Re: Hugepage program taking forever to exit

Johannes Weiner <hannes@xxxxxxxxxxx> · Tue, 10 Sep 2024 15:33:42 -0400

On Tue, Sep 10, 2024 at 12:21:42PM -0600, Jens Axboe wrote:
> Hi,
> 
> Investigating another issue, I wrote the following simple program that allocates
> and faults in 500 1GB huge pages, and then registers them with io_uring. Each
> step is timed:
> 
> Got 500 huge pages (each 1024MB) in 0 msec
> Faulted in 500 huge pages in 38632 msec
> Registered 500 pages in 867 msec
> 
> and as expected, faulting in the pages takes (by far) the longest. From
> the above, you'd also expect the total runtime to be around ~39 seconds.
> But it is not... In fact it takes 82 seconds in total for this program
> to have exited.
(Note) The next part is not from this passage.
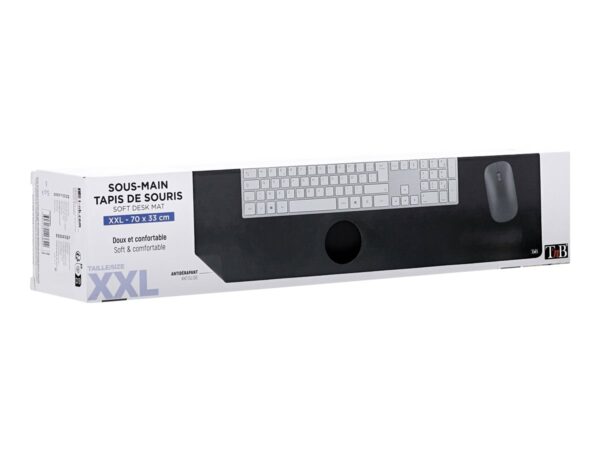 TNB Large soft fabric desk mat – Non-slip rubber surface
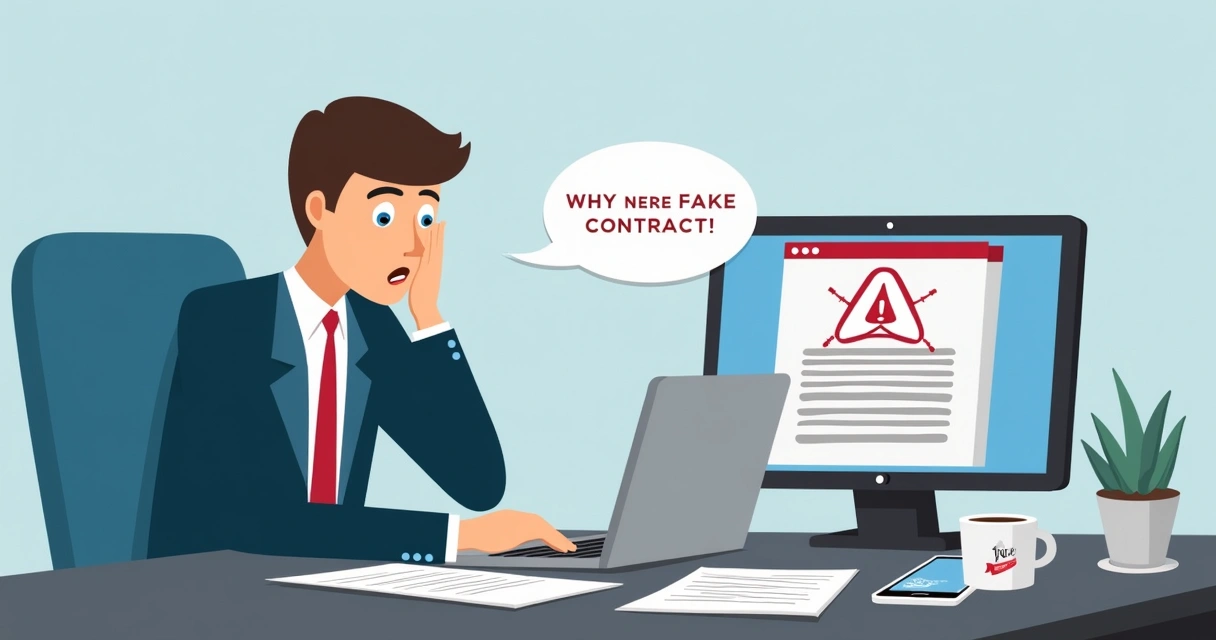 Suspicious email on laptop with phishing alert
Looking at why, I see:
> 
> [<0>] __wait_rcu_gp+0x12b/0x160
> [<0>] synchronize_rcu_normal.part.0+0x2a/0x30
> [<0>] hugetlb_vmemmap_restore_folios+0x22/0xe0
> [<0>] update_and_free_pages_bulk+0x4c/0x220
> [<0>] return_unused_surplus_pages+0x80/0xa0
> [<0>] hugetlb_acct_memory.part.0+0x2dd/0x3b0
> [<0>] hugetlb_vm_op_close+0x160/0x180
> [<0>] remove_vma+0x20/0x60
> [<0>] exit_mmap+0x199/0x340
> [<0>] mmput+0x49/0x110
> [<0>] do_exit+0x261/0x9b0
> [<0>] do_group_exit+0x2c/0x80
> [<0>] __x64_sys_exit_group+0x14/0x20
> [<0>] x64_sys_call+0x714/0x720
> [<0>] do_syscall_64+0x5b/0x160
> [<0>] entry_SYSCALL_64_after_hwframe+0x4b/0x53

Yeah, this looks wrong to me:

void hugetlb_vmemmap_optimize_folios(struct hstate *h, struct list_head *folio_list)
{
	struct folio *folio;
	LIST_HEAD(vmemmap_pages);

	list_for_each_entry(folio, folio_list, lru) {
		int ret = hugetlb_vmemmap_split_folio(h, folio);

		/*
		 * Spliting the PMD requires allocating a page, thus lets fail
		 * early once we encounter the first OOM. No point in retrying
		 * as it can be dynamically done on remap with the memory
		 * we get back from the vmemmap deduplication.
		 */
		if (ret == -ENOMEM)
			break;
	}

	flush_tlb_all();

	/* avoid writes from page_ref_add_unless() while folding vmemmap */
	synchronize_rcu();

	list_for_each_entry(folio, folio_list, lru) {
		int ret;

		ret = __hugetlb_vmemmap_optimize_folio(h, folio, &vmemmap_pages,
						       VMEMMAP_REMAP_NO_TLB_FLUSH);

		/*
		 * Pages to be freed may have been accumulated.  If we
		 * encounter an ENOMEM,  free what we have and try again.
		 * This can occur in the case that both spliting fails
		 * halfway and head page allocation also failed. In this
		 * case __hugetlb_vmemmap_optimize_folio() would free memory
		 * allowing more vmemmap remaps to occur.
		 */
		if (ret == -ENOMEM && !list_empty(&vmemmap_pages)) {
			flush_tlb_all();
			free_vmemmap_page_list(&vmemmap_pages);
			INIT_LIST_HEAD(&vmemmap_pages);
			__hugetlb_vmemmap_optimize_folio(h, folio, &vmemmap_pages,
							 VMEMMAP_REMAP_NO_TLB_FLUSH);
		}
	}

	flush_tlb_all();
	free_vmemmap_page_list(&vmemmap_pages);
}

If you don't have HVO enabled, then hugetlb_vmemmap_split_folio() does
nothing. And __hugetlb_vmemmap_optimize_folio() also does nothing,
leaving &vmemmap_pages empty and free_vmemmap_page_list() a nop.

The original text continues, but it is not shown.